1763-08-13, de Voltaire [François Marie Arouet] à Jeanne Grâce Bosc Du Bouchet, comtesse d'Argental.

L'un des anges, je reçois la lettre dont vous m'honorez du 4e auguste.
Je vous envoie, pour vous amuser, un premier acte, un peu plus poli que n'était l'autre, plus dialogué, et plus convenable. Il y a, dans tous les actes, des morceaux que j'ai fortifiés, mais à présent que j'ai un maudit procès pour mes dîmes, et que je fais des écritures, je ne peux guère faire d'écrits; j'ai eu douze jours de bon, je les ai employés à brocher un drame, cela est bien honnête.
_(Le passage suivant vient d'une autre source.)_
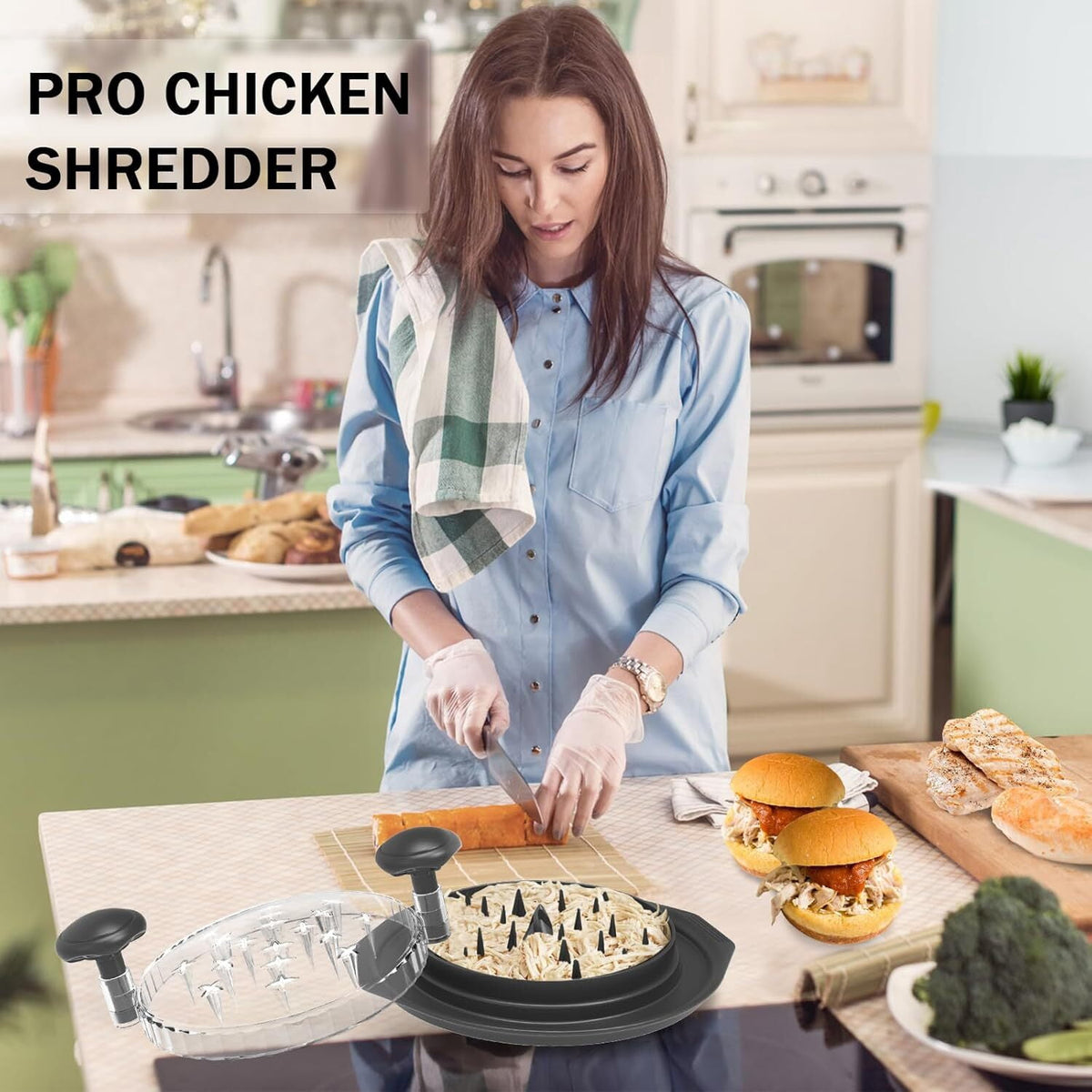 Chicken Shredder Tool Twist - 10" Large Meat Shredder Tool Twist, Visible Shredded Chicken Tool Chicken Breast Shredder, Ergonomic Handle, Dishwasher Safe, Anti-Slip,Suitable for Pork Beef Chicken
Avouez, madame, qu'il sera bien plaisant d'être sous le masque, donnez vous ce plaisir là, je vous prie.

J'ai peur que mr le duc de Praslin n'aime pas mon impératrice de Russie, j'ai peur qu'on ne la dégote; il ne me restait plus que cette tête couronnée, il m'en faut une absolument.

J'ai lu les quatre saisons du cardinal de Bernis, c'est une terrible profusion de fleurs. J'aurais voulu que les bouquets eussent été arrangés avec plus de soin. Je jouis pleinement de ce qu'il a chanté. Vous ne savez pas, madame, combien l'on est heureux d'être à la campagne, et peut-être qu'il ne le sait pas non plus.

Je ris aux anges, c'est à dire que je suis rempli pour vous, madame, du plus tendre respect.

V.

Mad. Denis, et ma petite famille qui rit et saute tout le jour, baisent humblement le bout de vos ailes.